I have no idea how to create them. I need both a matrix and a representation of it. I also want to be able to change the amount of curvature and the size of the sides(edges/curves).
The same goes for other shapes.
Please help to create these shapes with changable edges and their corresponding matrices.

Answers (1)

Walter Roberson
Walter Roberson on 3 Jun 2021
First row, first element:
  • take an equilateral triangle. Start from the bottom left point and draw an arc of a circle connecting the top centre point and the bottom right point. Start from the bottom right point and drawn an arc of a circle connecting the top centre point and the bottom left point.
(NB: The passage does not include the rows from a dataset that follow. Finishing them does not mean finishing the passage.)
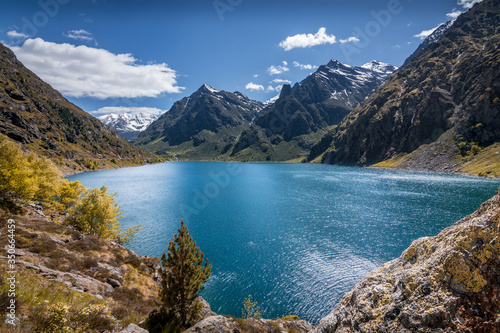 Lac de Soulcem avec les montagnes Pyrénées - Ariège - Occitanie - France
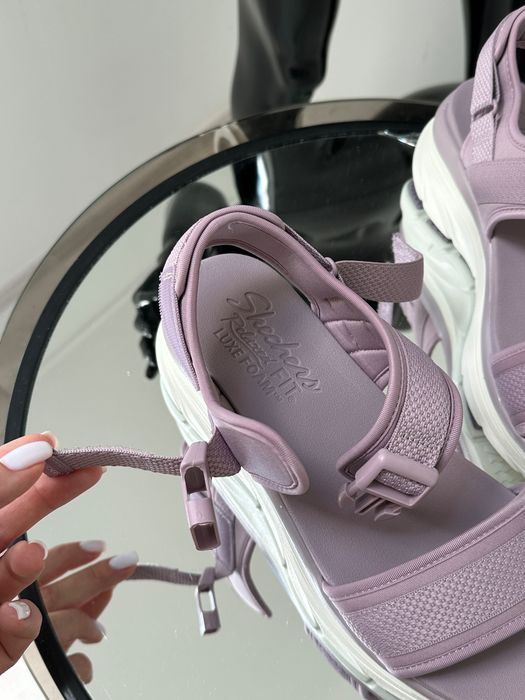 Женские тренд босоножки на липучках Skechers D'Lux Walker 38/39/40/41р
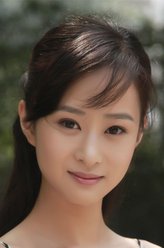 伍芳梅（韩烨饰演）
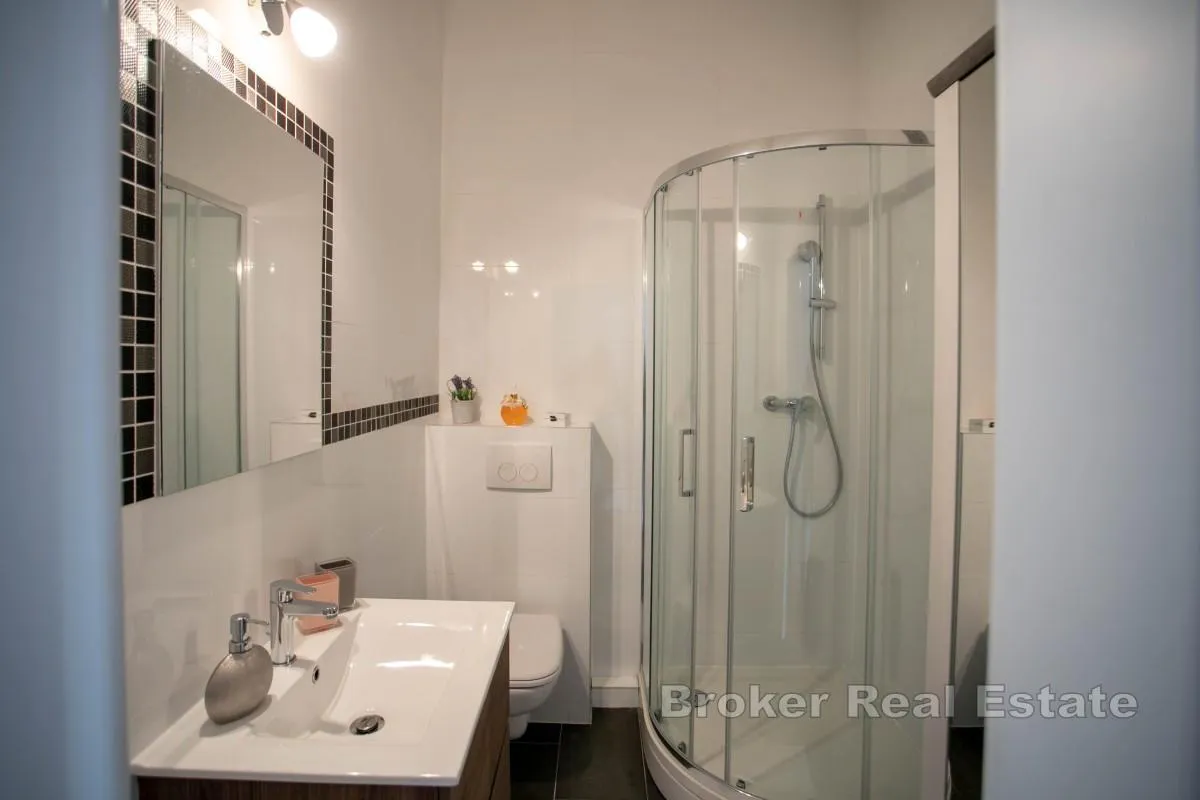 dvosoban apartman sa garažom i dvorom u blizini centra - slika 14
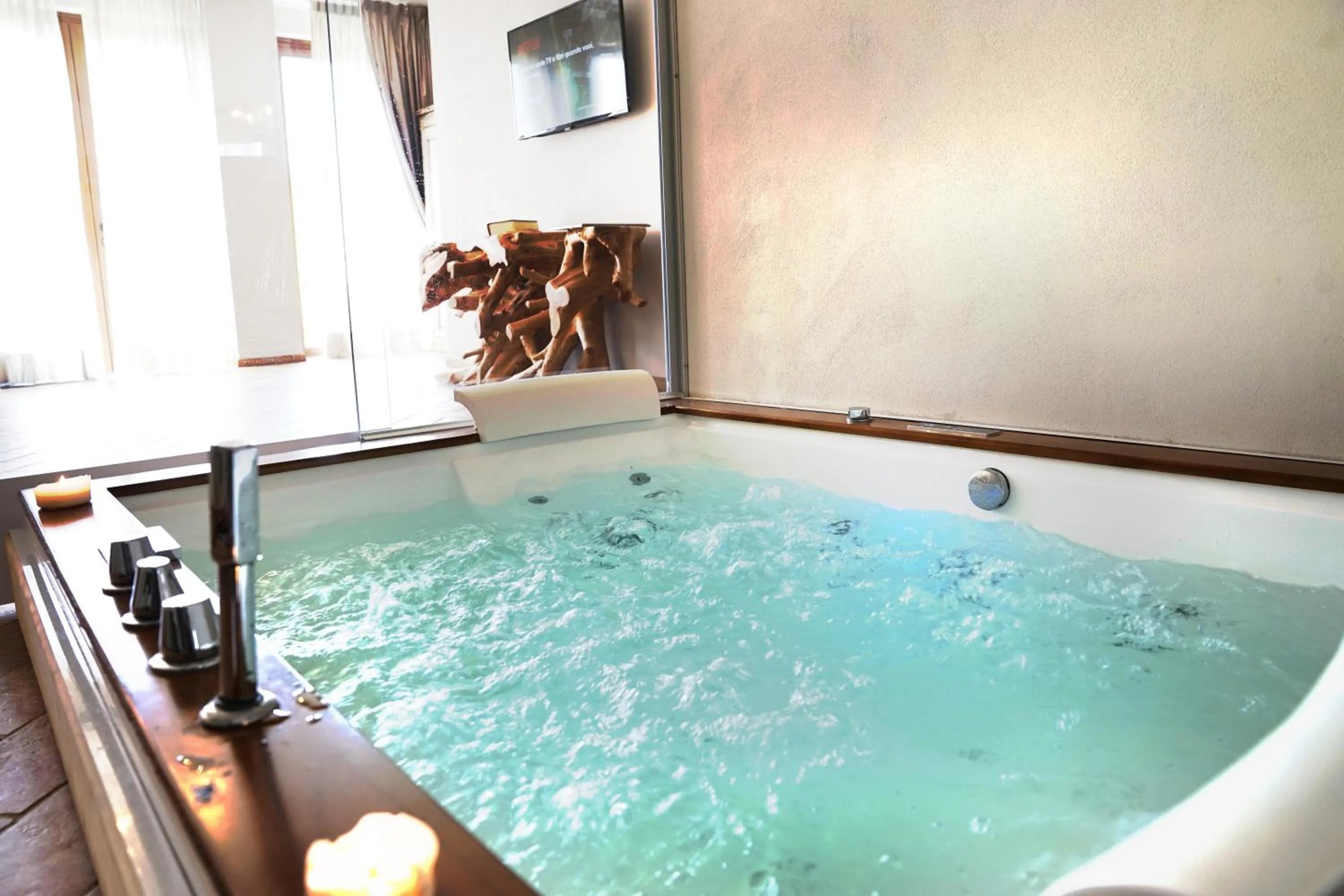 Hot Tub in Borgo I Tre Baroni - Spa Suites & Resort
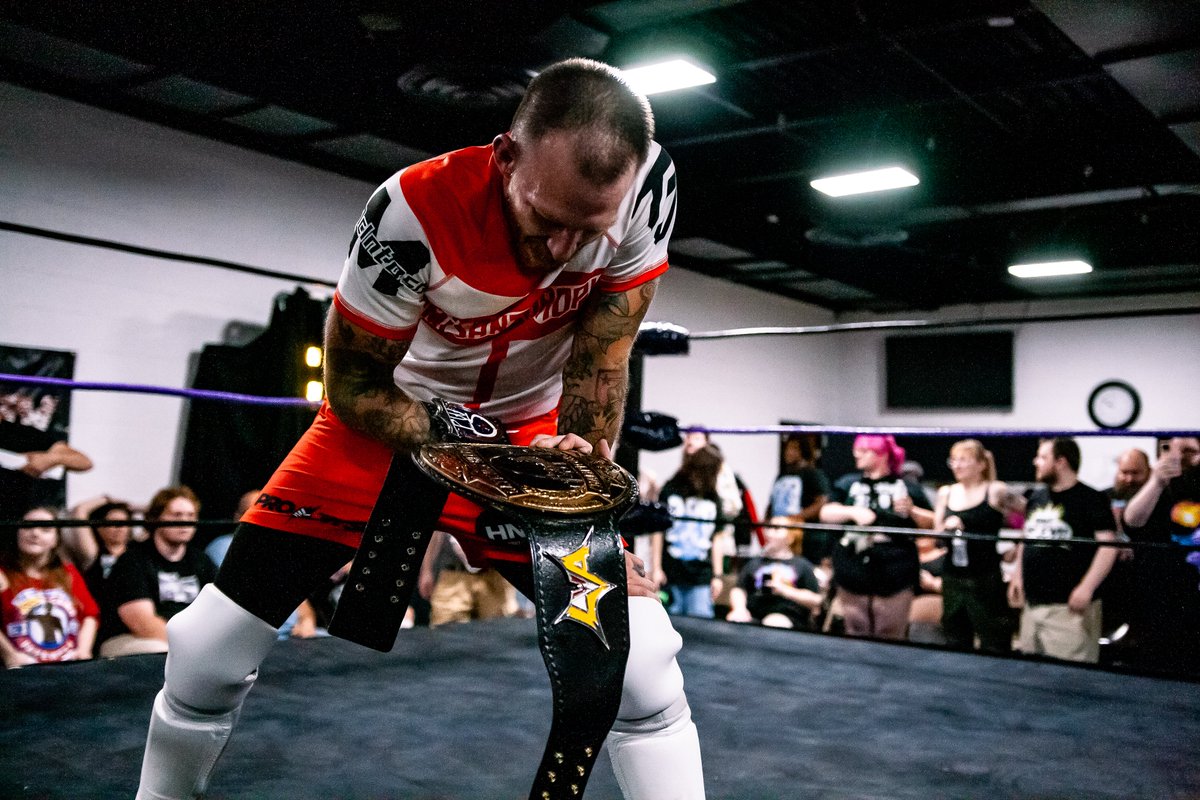 pynkglitt3r's tweet image. i guess i have to come out of hiding. more from babby's first time anarchy ringside coming soon @stlanarchy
Now take an additional point that is as far below the base of the triangle as the center point is above the triangle, and use it as a center to draw an arc of a circle connecting the left and right points.
To phrase it another way, create an equilateral triangle that is pointed down, and subdivide each of each edges
A----1----B
\ / \ /
2 --- 3
\ /
C
and the first three shapes are based upon using different combinations of A/B/C or 1/2/3 as the center of circles joining 1/2/3
  4 Comments
Walter Roberson
Walter Roberson on 7 Jun 2021
This is academic work that has been assigned to you, right? That is generally known as "homework".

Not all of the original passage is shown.